Kurze Frage vorweg: Was ist denn das für eine 2. Aufnahme am Umlenkhebel, ist das für Stahl- bzw. Luftdämpfer?

Fahre vorne 160mm, hinten demnach der kurze Federweg (155mm sinds glaub offiziell).
Der Monarch schmazt ziemlich verdächtig und ich will sowieso mal Stahldämpfer testen.
Der Monarch hat 200mm/57mm, wenn mich nichts täuscht. 

Zwecks Testen tendiere ich zu einem gebrauchten, will mich ja erstmal ranfühlen. Wenn es gefällt, gönne ich mir vermutlich irgendwann auch eine Titanfeder - am Federverhalten sollte das ja quasi nichts ändern, oder?

Was würdet ihr denn empfehlen? Die Richtung ist wohl Roco, DHX oder Vivid. Aber welchen davon? Lockout brauche ich bei dem Hinterbau ja nicht, bisschen einstellbar wäre gut...
Ich peile aufgrund meiner 105kg Fahrgewicht mal 550lbs an? Meint ihr das passt? Kenne nur die Online-Berechnungstabellen, wobei da die jeweilige Charakteristik des Bikes ja nicht mit drin ist. Oder soll ich eher 600lbs anpeilen? Bin halt ein schwerer Bub, Einsatzgebiet Trail - Bikepark. So lange nix durchschlägt, hab ich nix gegen soft.

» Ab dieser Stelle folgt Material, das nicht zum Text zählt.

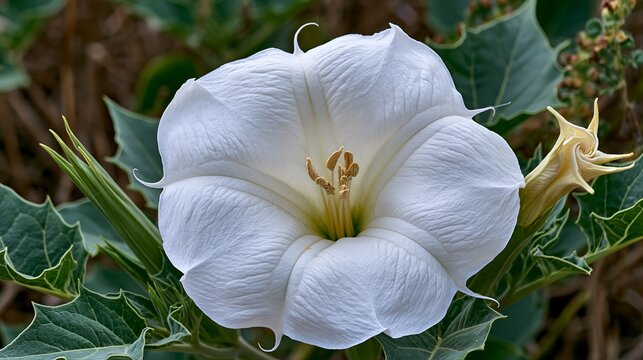 Datura stramonium flower bloomed on Gran Canaria, Spain.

Bin noch bisschen grün, was die Stahlfederdämpfer-Thematik angeht, habe mich noch nie damit beschäftigt, weil ich noch nie einen hatte und das Helius auch erst seit wenigen Wochen bei mir wohnt


----------



## Lynus (20. März 2011)

Hi sap,
ich bin vor einiger Zeit von einem Fox RP2 auf den MZ Roco TST R umgestiegen und sehr zufrieden. 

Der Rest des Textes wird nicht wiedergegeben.